Governo al lavoro su Opzione Donna
Opzione donna così come è stata formulata all’interno della Legge di bilancio 2023 ha sensibilmente ridotto la platea dei beneficiari. Per questo motivo, fin dalla sua entrata in vigore le lavoratrici e i sindacati ne hanno chiesto la revisione. Ad oggi, infatti, la misura è rivolta a chi ha maturato 35 anni di contributi e 60 anni di età, requisito che scende a 59 e a 58 anni nel caso delle lavoratrici con uno o due figli. Inoltre, a rendere ancora più stringente la misura ha influito il fatto di dover appartenere ad una delle seguenti categorie: caregiver, invalide almeno al 74% e licenziate o dipendenti di aziende in stato di crisi.
Il Governo starebbe, quindi, lavorando per il 2024 ad un ipotetico abbassamento della soglia anagrafica, che potrebbe essere portata a 59 anni per tutte le lavoratrici, andando così ad eliminare anche il requisito dei figli. Tuttavia, non si esclude che nei prossimi mesi possa essere emanato un decreto ad hoc per ripristinare le condizioni precedenti per un periodo di tempo limitato.

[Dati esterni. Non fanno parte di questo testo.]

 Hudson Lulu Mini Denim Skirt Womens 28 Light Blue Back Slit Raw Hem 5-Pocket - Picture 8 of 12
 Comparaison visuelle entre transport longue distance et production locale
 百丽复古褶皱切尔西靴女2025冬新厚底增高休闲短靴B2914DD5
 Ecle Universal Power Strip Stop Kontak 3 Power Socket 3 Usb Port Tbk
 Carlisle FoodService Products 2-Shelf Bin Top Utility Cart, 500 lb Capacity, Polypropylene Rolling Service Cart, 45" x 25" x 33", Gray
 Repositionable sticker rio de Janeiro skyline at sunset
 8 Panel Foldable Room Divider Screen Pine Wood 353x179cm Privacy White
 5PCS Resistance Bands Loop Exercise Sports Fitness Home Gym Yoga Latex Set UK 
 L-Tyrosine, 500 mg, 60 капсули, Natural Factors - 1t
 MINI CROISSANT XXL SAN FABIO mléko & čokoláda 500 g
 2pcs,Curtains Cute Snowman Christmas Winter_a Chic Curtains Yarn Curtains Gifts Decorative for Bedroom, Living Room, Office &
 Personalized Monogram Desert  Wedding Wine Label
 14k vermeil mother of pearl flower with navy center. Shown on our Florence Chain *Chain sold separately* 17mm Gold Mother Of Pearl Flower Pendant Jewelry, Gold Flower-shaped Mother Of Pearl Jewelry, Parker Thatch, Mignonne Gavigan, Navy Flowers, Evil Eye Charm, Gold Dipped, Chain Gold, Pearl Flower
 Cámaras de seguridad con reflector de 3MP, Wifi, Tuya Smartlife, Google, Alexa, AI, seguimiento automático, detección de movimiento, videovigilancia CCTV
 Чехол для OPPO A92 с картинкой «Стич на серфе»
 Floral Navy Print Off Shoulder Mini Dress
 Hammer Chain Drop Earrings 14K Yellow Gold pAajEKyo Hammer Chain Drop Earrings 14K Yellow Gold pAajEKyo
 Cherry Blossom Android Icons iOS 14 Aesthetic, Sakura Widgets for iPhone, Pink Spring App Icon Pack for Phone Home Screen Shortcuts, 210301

Le parole del ministro Calderone
In occasione della cerimonia al Quirinale per la Giornata internazionale della donna, il ministro del Lavoro e delle Politiche sociali Marina Calderone ha fatto sapere che il Governo si è rimesso al lavoro per migliorare Opzione donna. “Il ministero ha fatto più proiezioni” ha spiegato. “Le ha già mandate anche al Mef in modo che sia possibile determinare i costi delle eventuali modifiche. Sono in attesa, spero di avere risposte a breve, per fare in modo che alcune parti della norma inserita in manovra possano essere risistemate”.
A tal proposito, la Calderone ha confermato la volontà di unificare il requisito anagrafico per tutte le lavoratrici, sia autonome che dipendenti, e di eliminare lo sconto in base al numero di figli. Lo scoglio, però, restano ancora i fondi. Questa revisione, infatti, costerebbe alle casse dello Stato circa 90 milioni il primo anno e 240 e 300 milioni nel secondo e nel terzo anno. Sarà compito dei Ministeri del Lavoro e dell’Economia valutare la fattibilità di queste ipotesi.